Available data Start Marker

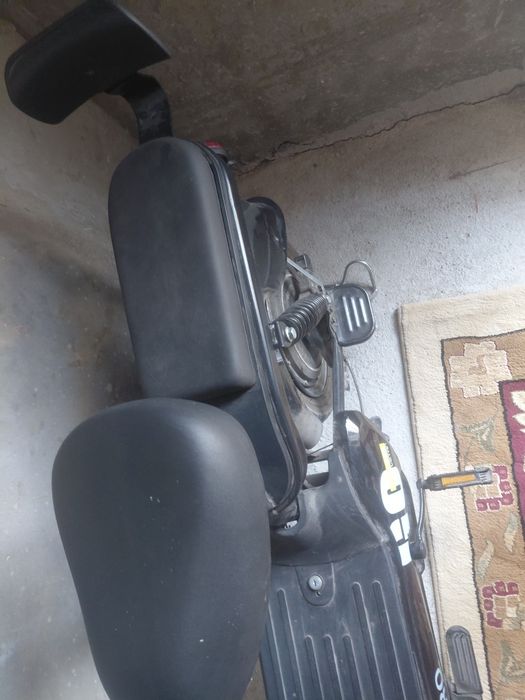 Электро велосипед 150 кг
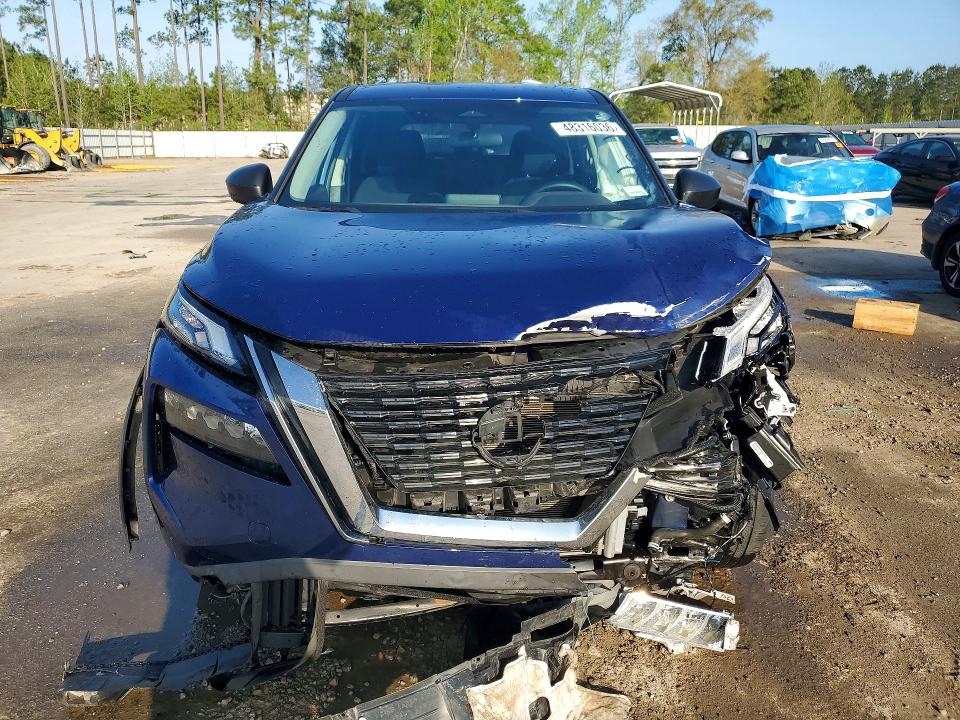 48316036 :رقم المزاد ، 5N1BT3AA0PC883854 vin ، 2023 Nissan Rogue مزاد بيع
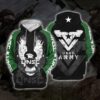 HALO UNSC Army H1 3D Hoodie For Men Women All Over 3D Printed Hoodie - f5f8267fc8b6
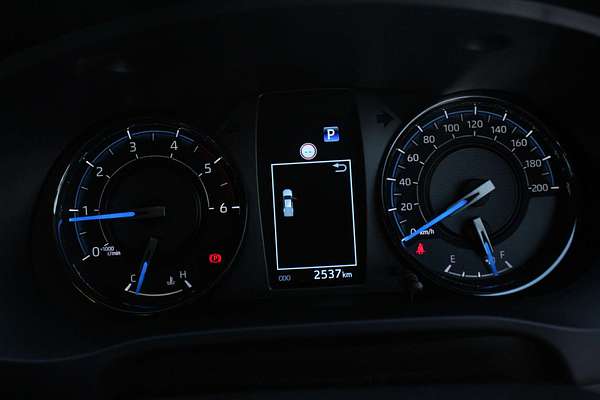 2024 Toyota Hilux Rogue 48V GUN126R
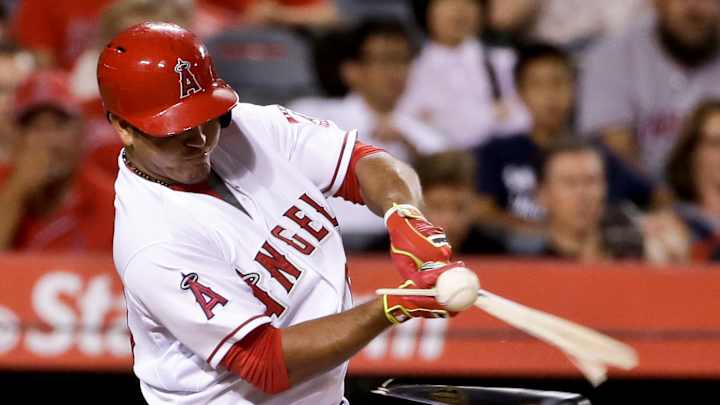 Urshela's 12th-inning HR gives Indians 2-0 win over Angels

Available data End Marker

## Exercise instructions:
Transcribe all the records above word for word, without their images.

## Result below:
 Электро велосипед 150 кг
 48316036 :رقم المزاد ، 5N1BT3AA0PC883854 vin ، 2023 Nissan Rogue مزاد بيع
 HALO UNSC Army H1 3D Hoodie For Men Women All Over 3D Printed Hoodie - f5f8267fc8b6
 2024 Toyota Hilux Rogue 48V GUN126R
 Urshela's 12th-inning HR gives Indians 2-0 win over Angels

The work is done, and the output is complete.